Ainda entre as “desconhecidas”, a instrumental A Última Sessão de Música, que nomeou a derradeira turnê de Milton, representou o mais simbólico ato de resistência dos anos de Chumbo, o (espetacular) Milagre dos Peixes – álbum mutilado pela censura. Milton, assim como Gal, Bethânia e Vandré, foi um dos poucos músicos que permaneceram por aqui quando a barra pesou nos anos de “Ame ou Deixe-o”. E, claro, a barra pesou. Cinco das oito faixas do álbum tiveram as letras mutiladas ou completamente riscadas.

No momento de transição do show, Milton interpretou canções recolhidas da cultura popular. Ponto alto de Folia de Reis, a lindíssima Cálix Bento se transformou em Peixinhos no mar, que culminou na mais bela poesia popular brasileira: Cuitelinho – não haveria Drummond, Meireles, Pessoa ou Leminski capazes de esculpir “A tua saudade corta \ Como aço de navaia \ O coração fica aflito \ Bate uma, a outra faia”. Gênio!

As lágrimas que habitavam minhas retinas – e que eu nem lutava mais para segurar – vieram com força em Bola de Meia, Bola de Gude. Todos temos canções especiais, mas essa é daquelas que me fazem renascer, como Fênix, nos momentos de maré baixa. Afinal, “toda vez que a bruxa me assombra o menino me dá a mão”. Poesia, aliás, que fervilha nos parceiros Fernando Brant, Márcio Borges e Ronaldo Bastos.

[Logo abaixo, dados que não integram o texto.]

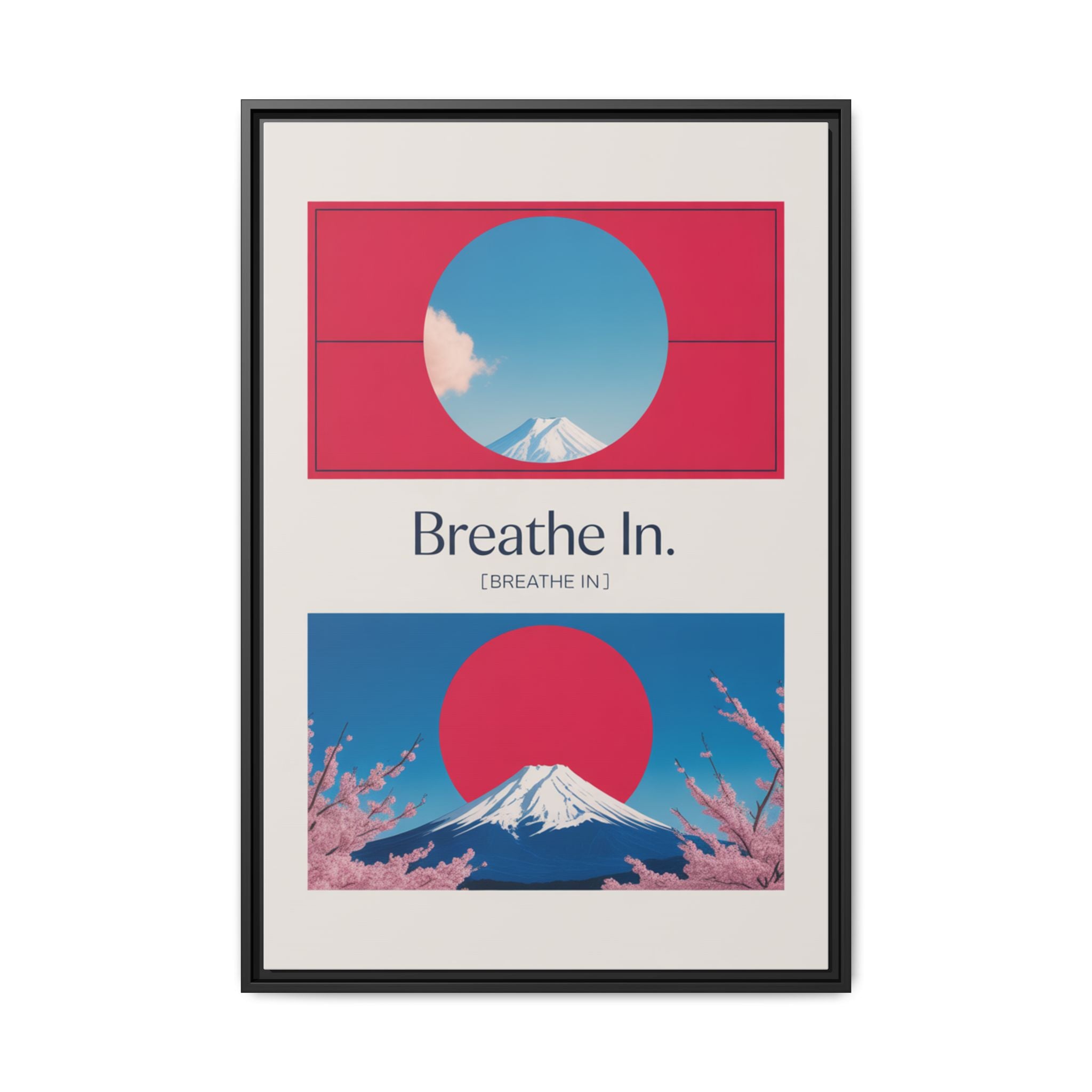 Breathe In Framed Art Print — Japanese Mount Fuji Matte Canvas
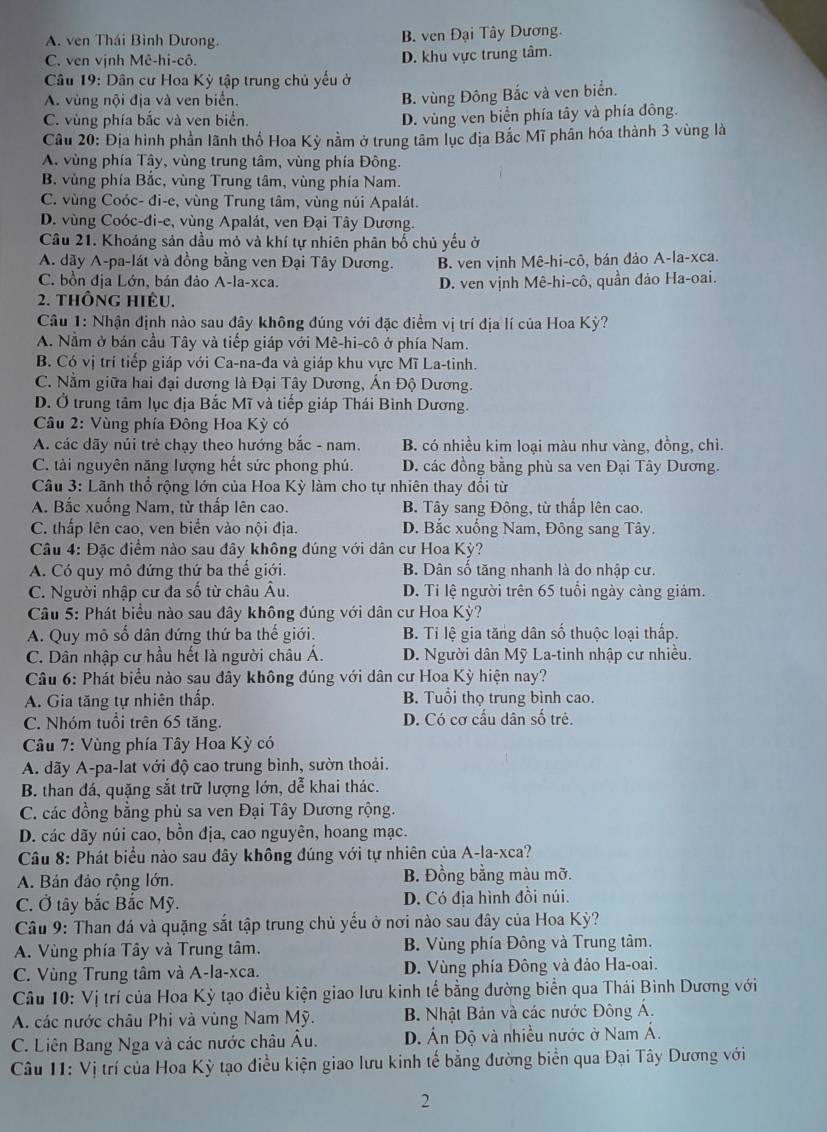 A. ven Thái Bình Dương. B. ven Đại Tây Dương.
C. ven vịnh Mê-hi-cô. D. khu vực trung tâm.
Câu 19: Dân cư Hoa Kỳ tập trung chủ yếu ở
A. vùng nội địa và ven biển.
B. vùng Đông Bắc và ven biển.
C. vùng phía bắc và ven biển.
D. vùng ven biển phía tây và phía đông.
Câu 20: Địa hình phần lãnh thổ Hoa Kỳ nằm ở trung tâm lục địa Bắc Mĩ phần hóa thành 3 vùng là
A. vùng phía Tây, vùng trung tâm, vùng phía Đông.
B. vùng phía Bắc, vùng Trung tâm, vùng phía Nam.
C. vùng Coóc- đi-e, vùng Trung tâm, vùng núi Apalát.
D. vùng Coóc-di-e, vùng Apalát, ven Đại Tây Dương.
Câu 21. Khoáng sản dầu mỏ và khí tự nhiên phân bố chủ yếu ở
A. dãy A-pa-lát và đồng bằng ven Đại Tây Dương. B. ven vịnh Mê-hi-cô, bán đảo A-la-xca.
C. bồn địa Lớn, bán đảo A-la-xca. D. ven vịnh Mê-hi-cô, quần đảo Ha-oai.
2. thông hiêu.
Câu 1: Nhận định nào sau đây không đúng với đặc điểm vị trí địa lí của Hoa Kỳ?
A. Nằm ở bán cầu Tây và tiếp giáp với Mê-hi-cô ở phía Nam.
B. Có vị trí tiếp giáp với Ca-na-đa và giáp khu vực Mĩ La-tinh.
C. Nằm giữa hai đại dương là Đại Tây Dương, Ấn Độ Dương.
D. Ở trung tâm lục địa Bắc Mĩ và tiếp giáp Thái Bình Dương.
Câu 2: Vùng phía Đông Hoa Kỳ có
A. các dãy núi trẻ chạy theo hướng bắc - nam. B. có nhiều kim loại màu như vàng, đồng, chì.
C. tài nguyên năng lượng hết sức phong phú. D. các đồng bằng phù sa ven Đại Tây Dương.
Câu 3: Lãnh thổ rộng lớn của Hoa Kỳ làm cho tự nhiên thay đổi từ
A. Bắc xuống Nam, từ thấp lên cao. B. Tây sang Đông, từ thấp lên cao.
C. thấp lên cao, ven biển vào nội địa. D. Bắc xuống Nam, Đông sang Tây.
Câu 4: Đặc điểm nào sau đây không đúng với dân cư Hoa Kỳ?
A. Có quy mô đứng thứ ba thế giới. B. Dân số tăng nhanh là do nhập cư.
C. Người nhập cư đa số từ châu Âu. D. Ti lệ người trên 65 tuổi ngày càng giám.
Câu 5: Phát biểu nào sau đây không đúng với dân cư Hoa Kỳ?
A. Quy mô số dân đứng thứ ba thế giới. B. Tỉ lệ gia tăng dân số thuộc loại thấp.
C. Dân nhập cư hầu hết là người châu Á.  D. Người dân Mỹ La-tinh nhập cư nhiều.
Câu 6: Phát biểu nào sau đây không đúng với dân cư Hoa Kỳ hiện nay?
A. Gia tăng tự nhiên thấp. B. Tuổi thọ trung bình cao.
C. Nhóm tuổi trên 65 tăng. D. Có cơ cấu dân số trẻ.
* Câu 7: Vùng phía Tây Hoa Kỳ có
A. dãy A-pa-lat với độ cao trung bình, sườn thoải.
B. than đá, quặng sắt trữ lượng lớn, dễ khai thác.
C. các đồng bằng phù sa ven Đại Tây Dương rộng.
D. các dãy núi cao, bồn địa, cao nguyên, hoang mạc.
Câu 8: Phát biểu nào sau đây không đúng với tự nhiên của A-la-xca?
A. Bán đảo rộng lớn. B. Đồng bằng màu mỡ.
C. Ở tây bắc Bắc Mỹ. D. Có địa hình đồi núi.
Câu 9: Than đá và quặng sắt tập trung chủ yếu ở nơi nào sau đây của Hoa Kỳ?
A. Vùng phía Tây và Trung tâm. B. Vùng phía Đông và Trung tâm.
C. Vùng Trung tâm và A-la-xca. D. Vùng phía Đông và đảo Ha-oai.
Câu 10: Vị trí của Hoa Kỳ tạo điều kiện giao lưu kinh tế bằng đường biển qua Thái Bình Dương với
A. các nước châu Phi và vùng Nam Mỹ. B. Nhật Bản và các nước Đông Á.
C. Liên Bang Nga và các nước châu Âu. D. Án Độ và nhiều nước ở Nam Á.
Câu 11: Vị trí của Hoa Kỳ tạo điều kiện giao lưu kinh tế bằng đường biển qua Đại Tây Dương với
2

Crédito: Glaucimara Castro / BS Fotografias / Instagram Milton Nascimento

E não haveria faixa melhor para encerrar a história de 60 anos nos palcos da vida, entre os 80 de existência desse ser presente na trilha sonora global. A Travessia que Milton cruzou para chegar até aqui foi costurada de momentos em que muitos jogariam a toalha. Esse limiar sempre esteve a um fio, mas os amigos que o mestre cultivou pelo caminho o mantiveram em sintonia para que ele cumprisse a missão de esperançar corações que sempre há de acreditar nas coisas bonitas que não deixarão de existir: “amizade, palavra, respeito, caráter, bondade, alegria e amor”.

Sem forças para agradecer as almas a testemunhar esse momento singular de nossa Cultura, Milton foi amparado num abraço sincero e carinhoso de Márcio Borges, quem o incentivou até mesmo quando faltou luz (e é belíssima essa passagem no livro Os sonhos não envelhecem, de Márcio Borges) ou ausentava a chama de cumprir a sina de ter a roupa encharcada e a alma repleta de chão.

Sem Milton Nascimento nos palcos, abre-se um vazio. Dói entender o definitivo adeus, mas sou grato por ainda na primeira infância um álbum duplo – e hoje condecorado como o melhor da MPB – ter se tornado o passado no meu presente e meu guia nos momentos bons da vida. Bituca é essa genialidade imensa que sai dos palcos para se tornar aquilo que sempre foi: eterno.